= Work instruction =
Print every entry below again exactly as written, skipping the pictures.
[Material for the task — start]
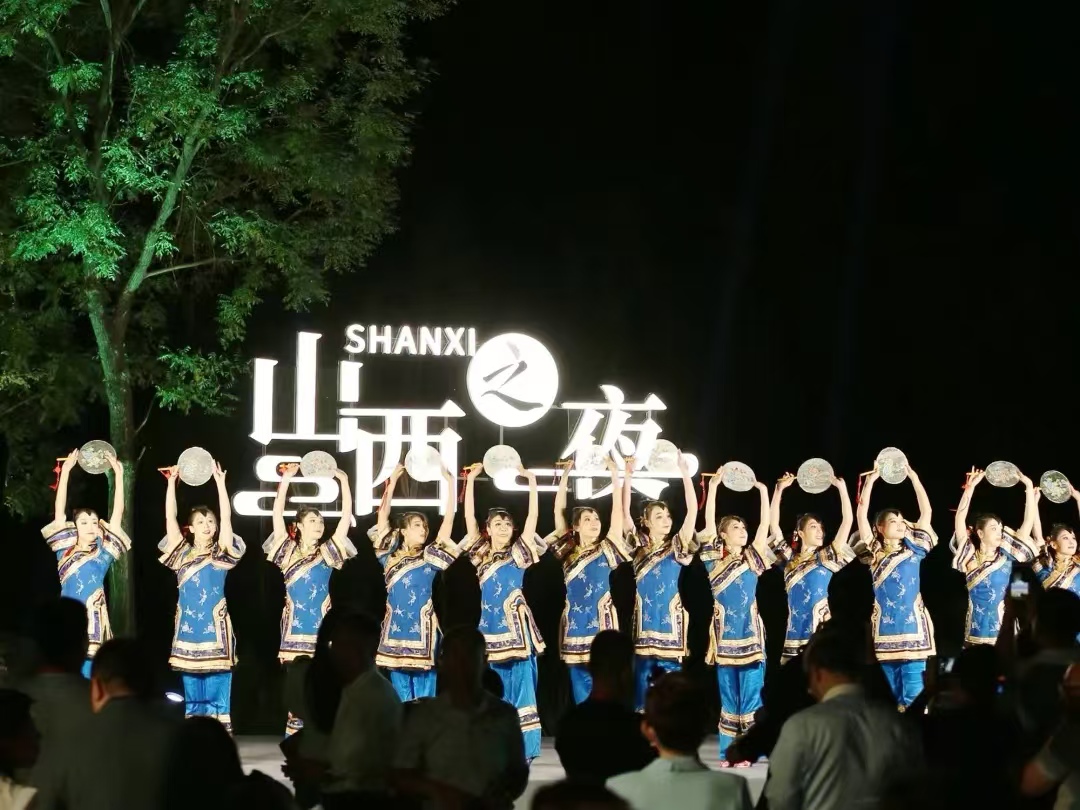 山西广播电视台×当虹科技，联手打造全媒体新闻智慧生产能力平台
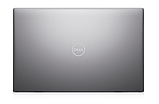 Ноутбук Dell Vostro 5510/Core i7-11370H/ 16GB/ 512GB (N5112VN5510EMEA01), фото 7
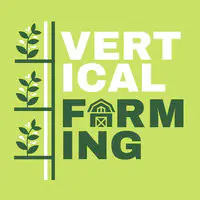 Vertical Farming Podcast - season - 3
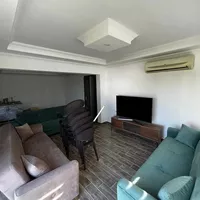 Вилла в Турции, Villa, 170 кв.м.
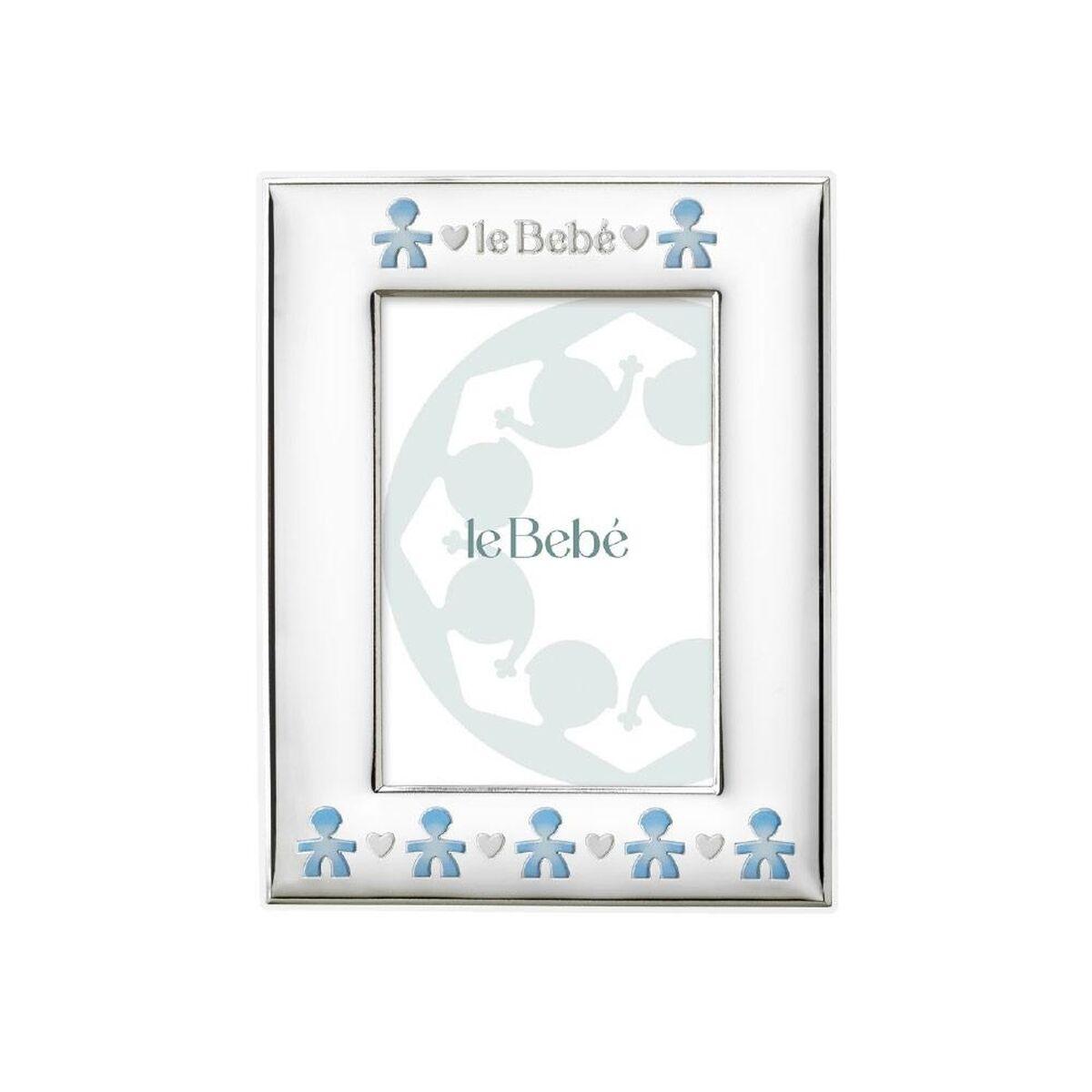 Fotoramme til baby leBebe LBC003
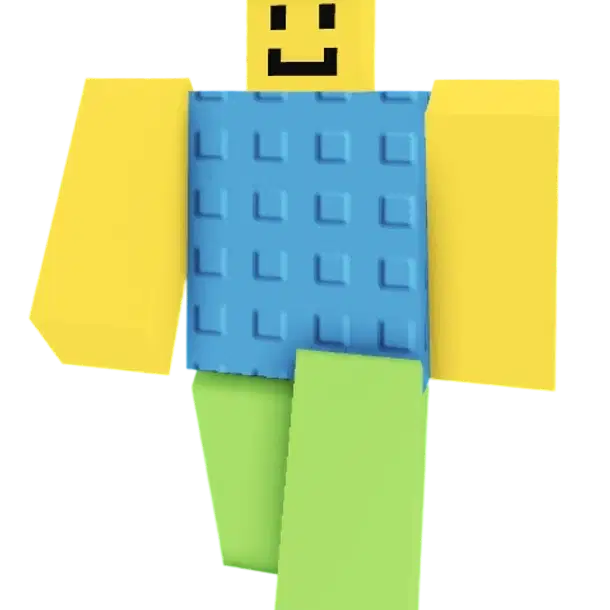 Noobini Pizzanini common, Steal a Brainrot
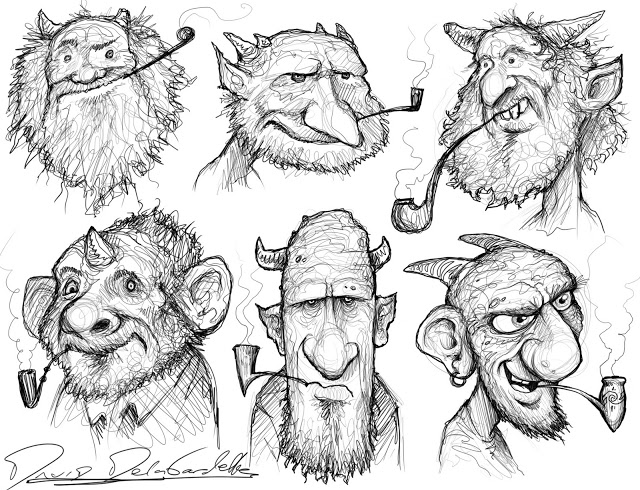 trolls.jpg
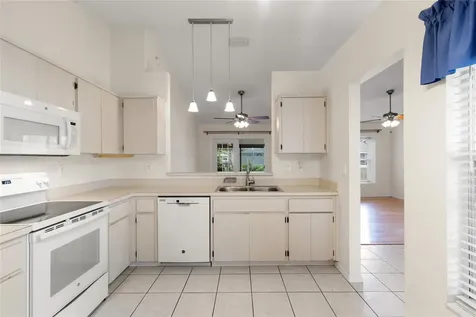 8907 Whistler Way Hudson FL 34667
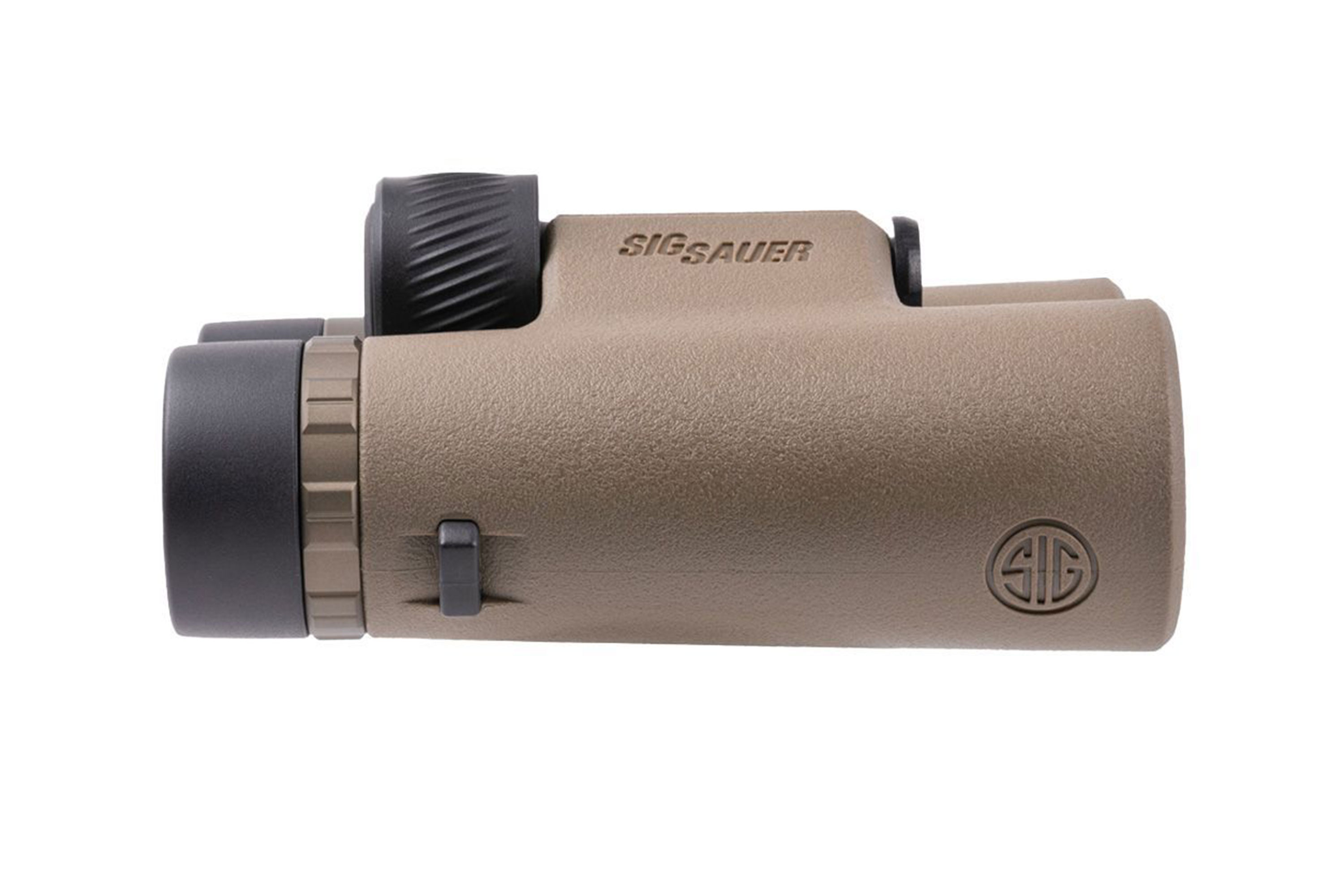 SIG SAUER CANYON HD Fernglas | 10x42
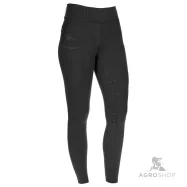 Riding Tights HighWaist Covalliero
[Material for the task — finish]
= Answer below =
 山西广播电视台×当虹科技，联手打造全媒体新闻智慧生产能力平台
 Ноутбук Dell Vostro 5510/Core i7-11370H/ 16GB/ 512GB (N5112VN5510EMEA01), фото 7
 Vertical Farming Podcast - season - 3
 Вилла в Турции, Villa, 170 кв.м.
 Fotoramme til baby leBebe LBC003
 Noobini Pizzanini common, Steal a Brainrot
 trolls.jpg
 8907 Whistler Way Hudson FL 34667
 SIG SAUER CANYON HD Fernglas | 10x42
 Riding Tights HighWaist Covalliero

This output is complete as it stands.